2014年8月23日土曜日

魔法科LZ 第2回: 制約と誓約

GR003447

 さて、スタートした魔法科高校の劣等生 LOST ZERO(以降、魔法科LZ)の開発ですが、真っ先にやったことがあります。それはスタッフ全員に原作をしっかり読んで、好きになってもらうことです。これまでいろんな原作付きのゲームを遊んできましたが、すばらしいゲームに仕上がった作品もあれば、残念ながらそうではない作品も多く見てきました。それらの間に何の違いがあるのだろうかと考えると、やはり「原作に愛があるのか、ないのか」につきるように思います。原作付きのゲームを作るためには、まず原作を好きならないことには始まらないと確信していました。そのため、スタッフには原作をキチンと読んでもらい、好きになってもらうとこからスタートしたかったのです。そして、その中には自分も含まれます。スクエニさんから話をもらった段階で、自分も原作を書店で見かけたことはあったものの、読んだことがなかったので、すぐに原作のすべての巻を書店で購入し読みました。それと同時に、会社にも文庫本を並べてとにかく原作に触れてもらうようにするところからスタートしたのを覚えています。

 そして、今回の魔法科LZの案件でスクエニさんからは1つ明確なリクエストがありました。

 「未来(1年先)のソーシャルゲームを作ること」

 これです。リリースは1年以上先になるわけですし、現在のものから進化したソーシャルゲームがみたいということでした。
 では具体的に一年先のソーシャルゲームがどういう風になるだろうかという話から始まるわけなのですが、まずはわかりやすく見た目の話から入りました。当時、すでにソーシャルゲームはネイティブアプリが主流であったものの、まだゲーム専用機と比べると、2世代前程度古い感じで、そして 2Dでの表現が主流でした。これが一年後になれば、もっと3D表現を使うタイトルが普通になってくるだろうということで、それらに先んじて3Dをがっつり使っていこうという話になったのです。これに関しては大賛成でした。ちゃんと魔法科のキャラクターをアニメーションさせようとすると容量的にも3Dの方が効率がよいですし、ウチとしてもこれまでのノウハウが生かせます。そして、ではゲームの内容はというと、これが難題でした。ソーシャルゲームのゲーム要素は非常にシンプルです。しかし、とはいいつつもソーシャルゲームよりある程度はゲーム要素を強化したものにするべきだろうという話にはなったのですが、ではどのくらいまで凝ったものにするのか、どれくらいだとスマフォのプレイヤーさんたちに受け入れられるラインになるのだろうかという点はがなかなか見えなかったからです。

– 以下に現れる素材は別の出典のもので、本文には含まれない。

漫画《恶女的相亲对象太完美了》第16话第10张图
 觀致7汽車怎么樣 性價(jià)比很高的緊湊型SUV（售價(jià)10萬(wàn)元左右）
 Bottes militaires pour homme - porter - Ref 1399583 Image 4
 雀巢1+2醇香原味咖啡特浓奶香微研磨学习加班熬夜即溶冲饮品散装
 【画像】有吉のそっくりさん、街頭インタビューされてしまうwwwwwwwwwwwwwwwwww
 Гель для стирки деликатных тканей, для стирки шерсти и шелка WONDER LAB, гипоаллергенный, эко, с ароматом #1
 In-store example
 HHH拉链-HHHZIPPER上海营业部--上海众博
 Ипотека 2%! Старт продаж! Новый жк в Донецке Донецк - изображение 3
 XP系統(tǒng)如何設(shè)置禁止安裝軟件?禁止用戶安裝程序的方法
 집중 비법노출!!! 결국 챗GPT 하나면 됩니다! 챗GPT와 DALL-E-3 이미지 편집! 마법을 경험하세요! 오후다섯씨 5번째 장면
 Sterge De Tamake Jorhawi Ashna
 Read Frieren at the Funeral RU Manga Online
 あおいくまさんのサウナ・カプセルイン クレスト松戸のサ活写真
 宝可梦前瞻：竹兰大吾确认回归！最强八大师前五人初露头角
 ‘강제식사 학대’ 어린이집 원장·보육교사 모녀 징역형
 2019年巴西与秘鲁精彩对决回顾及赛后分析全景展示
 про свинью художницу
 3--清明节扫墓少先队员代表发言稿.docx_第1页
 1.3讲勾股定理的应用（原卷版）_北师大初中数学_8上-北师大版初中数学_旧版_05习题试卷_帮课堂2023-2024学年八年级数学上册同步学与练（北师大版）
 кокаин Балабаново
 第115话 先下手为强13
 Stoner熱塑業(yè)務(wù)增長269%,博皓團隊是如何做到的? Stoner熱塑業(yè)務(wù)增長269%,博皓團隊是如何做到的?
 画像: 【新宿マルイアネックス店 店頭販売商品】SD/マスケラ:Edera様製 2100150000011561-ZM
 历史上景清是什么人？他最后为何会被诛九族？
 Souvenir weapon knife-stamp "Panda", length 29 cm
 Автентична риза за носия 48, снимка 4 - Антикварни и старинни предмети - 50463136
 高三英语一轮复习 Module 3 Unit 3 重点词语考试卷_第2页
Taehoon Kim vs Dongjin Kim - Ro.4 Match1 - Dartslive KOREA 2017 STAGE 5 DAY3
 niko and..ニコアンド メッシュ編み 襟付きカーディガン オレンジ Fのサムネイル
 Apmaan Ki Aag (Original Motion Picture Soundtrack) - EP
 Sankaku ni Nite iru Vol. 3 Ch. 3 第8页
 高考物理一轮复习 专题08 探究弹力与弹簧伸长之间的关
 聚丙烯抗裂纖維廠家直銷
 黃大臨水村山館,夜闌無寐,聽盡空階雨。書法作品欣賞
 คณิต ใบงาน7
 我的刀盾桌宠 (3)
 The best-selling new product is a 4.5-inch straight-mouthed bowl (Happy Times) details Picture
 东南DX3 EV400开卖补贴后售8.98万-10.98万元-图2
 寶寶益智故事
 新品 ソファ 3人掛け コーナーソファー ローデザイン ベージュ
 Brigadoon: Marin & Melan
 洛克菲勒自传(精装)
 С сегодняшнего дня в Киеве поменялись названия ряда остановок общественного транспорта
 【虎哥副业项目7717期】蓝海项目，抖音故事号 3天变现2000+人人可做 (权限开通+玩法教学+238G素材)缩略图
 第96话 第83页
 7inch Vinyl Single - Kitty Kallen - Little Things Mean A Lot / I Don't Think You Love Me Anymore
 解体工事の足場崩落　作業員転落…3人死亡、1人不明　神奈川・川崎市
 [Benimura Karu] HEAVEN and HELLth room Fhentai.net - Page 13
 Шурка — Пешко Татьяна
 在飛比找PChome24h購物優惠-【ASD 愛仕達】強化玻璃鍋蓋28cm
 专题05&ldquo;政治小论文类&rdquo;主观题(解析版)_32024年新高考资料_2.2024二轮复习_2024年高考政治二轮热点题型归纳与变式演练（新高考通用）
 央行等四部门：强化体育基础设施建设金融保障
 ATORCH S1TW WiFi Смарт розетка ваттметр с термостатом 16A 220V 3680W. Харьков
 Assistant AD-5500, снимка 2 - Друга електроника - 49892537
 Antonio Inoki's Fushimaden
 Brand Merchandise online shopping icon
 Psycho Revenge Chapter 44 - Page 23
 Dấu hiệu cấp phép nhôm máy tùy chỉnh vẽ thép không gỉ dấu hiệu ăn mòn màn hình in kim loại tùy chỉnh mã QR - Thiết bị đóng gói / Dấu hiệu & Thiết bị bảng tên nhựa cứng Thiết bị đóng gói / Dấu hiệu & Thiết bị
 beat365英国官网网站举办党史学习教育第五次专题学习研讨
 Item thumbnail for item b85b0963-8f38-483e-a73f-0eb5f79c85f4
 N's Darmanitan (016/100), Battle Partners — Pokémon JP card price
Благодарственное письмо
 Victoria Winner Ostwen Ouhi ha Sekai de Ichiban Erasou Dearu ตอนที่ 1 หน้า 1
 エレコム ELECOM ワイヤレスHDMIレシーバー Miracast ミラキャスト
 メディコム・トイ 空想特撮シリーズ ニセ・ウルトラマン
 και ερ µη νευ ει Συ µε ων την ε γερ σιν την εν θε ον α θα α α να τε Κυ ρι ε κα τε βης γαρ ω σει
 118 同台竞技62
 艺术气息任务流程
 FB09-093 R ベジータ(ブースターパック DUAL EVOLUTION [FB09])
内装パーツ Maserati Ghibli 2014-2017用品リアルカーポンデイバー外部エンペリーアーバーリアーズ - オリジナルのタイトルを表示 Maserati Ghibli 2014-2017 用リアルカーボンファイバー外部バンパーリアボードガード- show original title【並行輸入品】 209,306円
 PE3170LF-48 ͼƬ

 結果から書くと、この内容に関してのツメは結局、かなり長い期間をかけてトライアンドエラーをくりかし、突き詰めていくことになってしまいました。最初の素案から、ゲーム内容のFIX にいたるまでの間、書いた仕様書は数知れず、作成したプレイアブルなプロトタイプでも相当数存在します。開発序盤はまさにスクラップ&スクラップの毎日がくりかえされたのです・・・

 そんななかで、数ヶ月後にはこれで行けるだろうと仕上げた状態のプロトタイプが完成しました!その段階のアプリの特徴を挙げると

  • 3Dをキャラと背景両方、ふんだんに使用した魔法バトル
  • カメラワークもガンガンかわってバトルをもりあげ
  • 操作もキャラのアイコンにタッチするだけで魔法がばんばん発動
  • 必殺技では超かっこいいカットイン!
  • 戦闘の合間には3Dキャラが表情豊かに話すコミュニケーションモード

 スタッフのみんなもがんばってくれ、やれることをすべて全力で盛り込んだつもりでした。そして、意気揚々とプロトタイプ終了審査のプレゼンに望んだのです・・・

 が、プレゼンはなんと失敗!?再検討を求められてしまいました。